Looking into UMSL’s parking situation through official channels proved to be a challenge. The Office of Parking and Transportation was unable to provide information on ticket issuing or the ratio of student to faculty spaces upon request, whereas the Office of Admission could not give a reliable estimate as to what percentage of UMSL students actually commute, with a former student employee of UMSL describing their approximation as “in the ballpark of 90%.” Seeing as over 10 thousand students are classified as “on-campus,” this suggests around nine thousand are stuck in daily competition for a reasonable spot.
A count of North Campus parking garages and lots suggests that, mathematically, there are often enough spaces for UMSL’s regular commuters. However, this investigation also discovered that preferential treatment in parking regulations is a greater issue; staff exclusive areas were consistently found to be placed in close proximity of high-traffic buildings, forcing students to park further from where classes typically take place. Though this distribution seems reasonable, as employees are expected to readily reach their work areas, it also indicates a codified imbalance in access. There are just under two thousand UMSL employees, who may park in all unrestricted lots and garages, including those ostensibly meant for student usage. While they are free to occupy any available space, with no obligation to consider those who lack such a privilege, students have no choice but to keep searching for a permitted spot, even if staff exclusive areas are unoccupied.

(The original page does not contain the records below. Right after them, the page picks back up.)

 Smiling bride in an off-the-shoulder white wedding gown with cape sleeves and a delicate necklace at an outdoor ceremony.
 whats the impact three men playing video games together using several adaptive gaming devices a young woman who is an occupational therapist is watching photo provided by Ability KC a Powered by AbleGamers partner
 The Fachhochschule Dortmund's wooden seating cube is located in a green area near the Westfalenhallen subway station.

“There have definitely been times where I’ve had to leave a packed garage with empty faculty spaces,” Redel said. “I understand that it’s important that staff are able to park by their classes as well, but it makes me so frustrated that they’re sometimes going unused while us students are desperately driving around looking for a space.”

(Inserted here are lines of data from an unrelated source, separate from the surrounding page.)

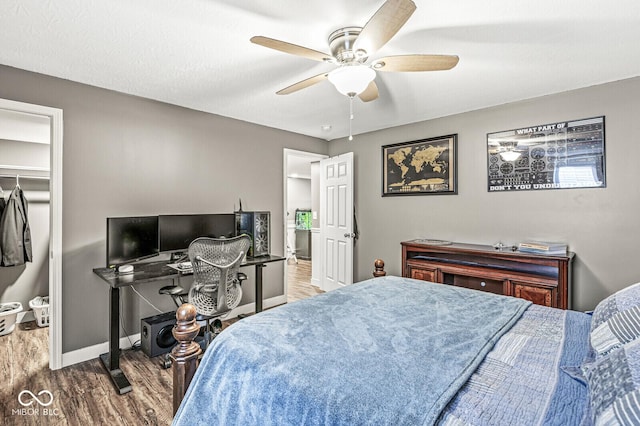 bedroom featuring baseboards, wood finished floors, and a ceiling fan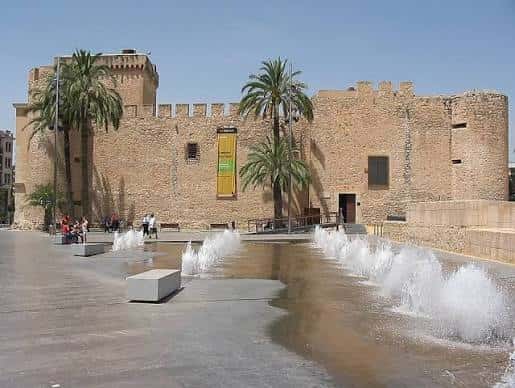 Castillo de Elche con fuentes y palmeras en primer plano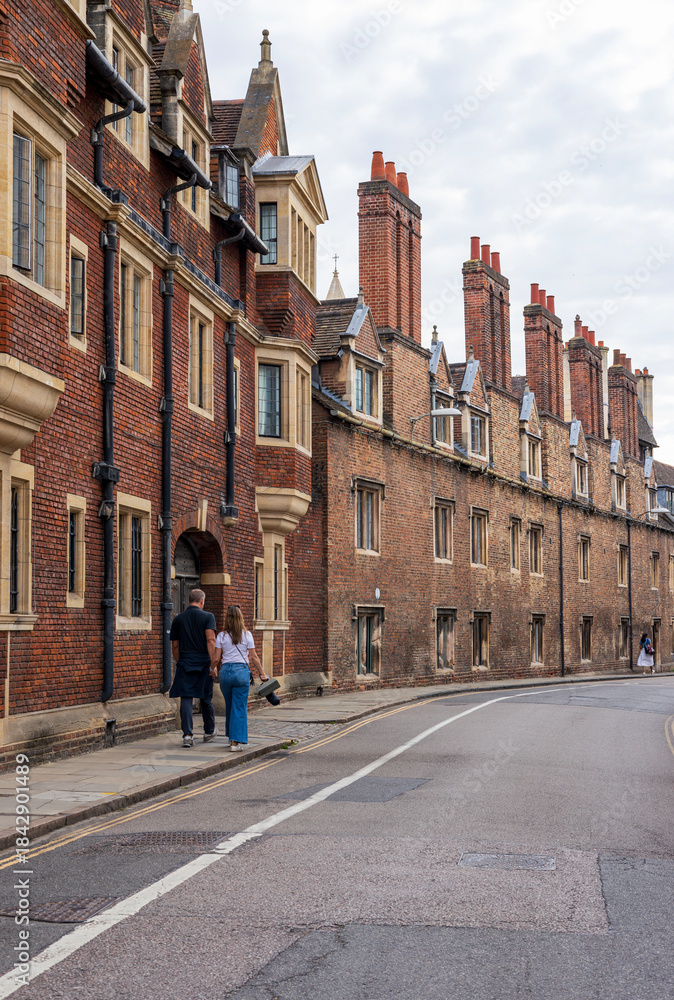 Fototapeta premium An empty alley in Cambridge old town with traditional terraced houses and Cambridge cathedral.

Compounding the issue of access, exposed parking areas have been allowed to deteriorate, rendering their boundaries increasingly unclear. It is a common sight to see parking violations in these outdoor spaces, likely in part due to faded markings. Left with little alternative, drivers may be incurring otherwise avoidable penalties through no true fault of their own. An examination of parking citation rates among students would allow more nuanced conclusions to be reached, but this information was not readily available from the Office of Parking and Transportation.
Viable solutions exist, if only UMSL’s population considers these issues worth addressing. Redel suggested increasing the number of accessible student spots, specifically on West Drive. Alternately, perhaps it would be more efficient to make a centralized lot or garage for UMSL staff and faculty, rather than scattering them throughout campus; remote areas could also be added to the campus shuttle route, which would address the resulting access inconveniences. Even simpler than that, the restoration of distinguishable road markings seems overdue, with relatively low costs and near-immediate results.
Regardless of what, if any, measures are taken to mitigate UMSL’s parking problems, it is apparent that improvement is both desirable and possible.